I’ve gotten really into craigslist deals again recently. These fascinations with it are always ebbing and flowing, but since I’m learning to drive my boyfriend’s manual car, there’s been a serious flowing as of late. Turns out there’s a real freedom to emailing a stranger and knowing you can arrange to meet them around your schedule. And with a car, no less!
This weekend, however, both boyfriend and car were away, so when I found an ad for mature rhubarb plants for $12, I had to call ahead and confirm that the planter would fit into my bike’s milk crate. It did.
Along with eight enormous stalks of rhubarb.
I did the deal with a lovely older lady.
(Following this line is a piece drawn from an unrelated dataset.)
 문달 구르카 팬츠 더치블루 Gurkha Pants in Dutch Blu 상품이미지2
I told her I was planning on making rhubarb wine, and she regaled me with stories of tomato wine made with the guy she was going with at the time, as she called him. They opened one bottle and loved it, so they took it to the local wine festival, where it quickly became apparent that every other bottle was swill. At the end of the day they sold out, though, because theirs was the only table that still had wine and all the festival goers were too sloshed by then to care what it tasted like. She was great. I want to be her when I grow up.
The plant has found a place among all the other driveway plants. My dealer suggested that I bottom water it, presumably because it was in desperate need of watering but it was so sunny out. I didn’t ask her rationale. I just went along with it and set the pot in a big dish of water, which it promptly sucked up. I gave it another dish, then watered it from the top as well in the evening. It seems happy enough, though I’m not positive I’ll be able to harvest from it this summer.
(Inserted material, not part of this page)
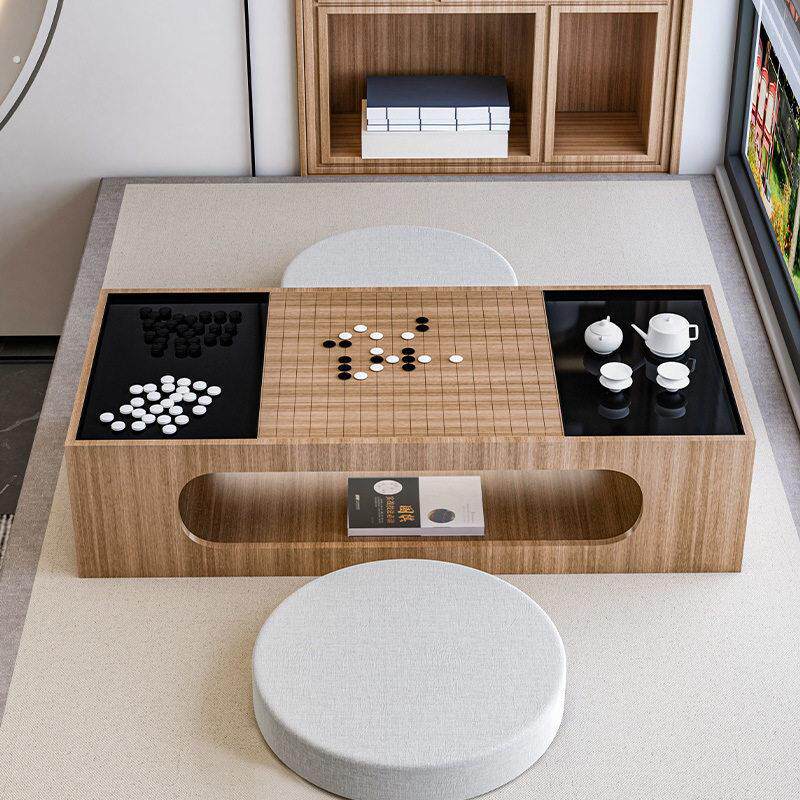 围棋桌榻榻米中国象棋桌两用棋盘桌多功能茶几日式地台桌坐地炕桌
The day I brought it home, I hacked up my stalks and mixed them with sugar, then covered it all and left it in the closet for three days. It started as a solid mass, but during that time a whole lot of liquid was drawn out. From everything I’ve read, you want especially red stalks to make for a nice blush to the wine. As you can see, any blush to this stuff is going to be a seasick green. Oh well. The price was right.
I added water to the rhubarb, then strained it into my primary fermenting vessel with some yeast, yeast nutrient, and some grape juice concentrate. My snazzy new craigslist bucket is is full of blueberries, so the job has fallen to Mr. Beer. My mom got me a Mr. Beer kit for Christmas. It made a huge amount of an alright light beer that I still drink every now and again. It also gave me this pretty handy food grade plastic keg with an airlock-esque lid. Perfect! Who needs a bucket?
…Oh wait. What’s that? All over the paper towel that’s been conveniently laid down…
Enhance!
That’s some very sticky rhubarb juice.
That’s a pretty fast-flowing leak.
Uh-oh.
Luckily, my canner is just the right size to balance this thing more or less securely in such a way that the liquid can’t reach the lid or that damn spigot. Also luckily, it only has to stay in this precarious postion for a week before it moves to a real glass demijohn.
Mr. Beer will not ride again, I think.